Rao: To a certain degree, yes.
VentureBeat: To what degree is that true, that you have to something more from the ground up for AI?
Rao: I’ll give you a great example from our competitor. They did almost exactly this. They took their GPU and they tacked on a tensor core, which is completely an AI thing. You could think of it like, their ecosystem is the GPU, so they stuck this other thing on the die. As opposed to what we do—our ecosystem is the whole computer. It’s the CPU. We build those capabilities into this kind of accelerator. That was good for their strategy, but it wasn’t leveraging the GPU. It was building something almost from the ground up for this problem.
I’d argue that there are already proof points to this end. But that being said, we’re evolving the CPU. There’s an arc of evolution on that, because it supports many different applications. It supports the scale we’ve come to love in the data center on CPU. We want to be careful with how we do it. We have to make sure we can maintain leadership on all the workloads that are important today, and then add new capabilities that are important for the workloads of tomorrow. The way we understand those workloads of tomorrow is building accelerators — which is really the tip of the spear — figuring out what capabilities make sense to move back into the host.
VentureBeat: Would Nvidia just come back and say, “You guys are just tacking on something to do better image recognition”? Do you still feel like we’re in this stage of adding on extras to existing things? What comes after that?
Rao: What comes next is understanding how to move the data effectively for AI workloads near the compute. That’s what the crest line has always been about. How do we effectively do that and accomplish maximum performance? You see it in a GPU today. The utilization is extremely low, because they haven’t done that holistic approach.
Again, it’s a great strategy for them, because they’re leveraging their platform to the hilt. That’s the right thing to do. Likewise, we’ve seen that—inference is on a very fast path to expansion of number of cycles in the data center. Given the position of Xeon in the data center, it’s natural that we add those capabilities. The workload mix shifts over time. This didn’t exist five years ago. Now it’s a billion dollars, as we said. In the context of the larger data center market, which is about $200 billion, that’s tiny. But it’s on a very rapid trajectory for expansion.

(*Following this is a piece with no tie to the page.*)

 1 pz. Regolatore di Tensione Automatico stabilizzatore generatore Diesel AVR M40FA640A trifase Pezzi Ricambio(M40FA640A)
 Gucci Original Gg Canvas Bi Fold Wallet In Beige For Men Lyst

VentureBeat: With Nervana, are you getting more into the ground-up AI designs?
Rao: That’s right.
VentureBeat: When you’re doing this, what is totally different, compared to adding things to a CPU?
Rao: The way you manage your data, you don’t generally have automatically managed caches. That’s one aspect. The commitment to a particular data type—you don’t need to support 100 different workloads. You support the ones that matter for AI. You can be more precise about your data type. That has impacts on how many wires you connect everything with. You can optimize the interconnect on the chip, even, based around that, which gives you a performance bump.
The capabilities of distributing workloads—you don’t need to be general. You’re not going to do many different kinds of parallel distributed computing. You’re going to do a particular set of them. You can build the constructs for those sets. It allows you to be more targeted in your technology and get something to work. If you try to boil the ocean from the start you’ll never do it.
VentureBeat: Are there going to be different solutions for inference and training, more specialization?
Rao: I think we’re going to see—you can call them specialized solutions, but really they’re dials tuned in different direction. What we’re already seeing merging is that TCO, performance per watt, is extremely important for inference. You do massive scale. It’s tied in to your application. Tying into the stack and very good TCO are important.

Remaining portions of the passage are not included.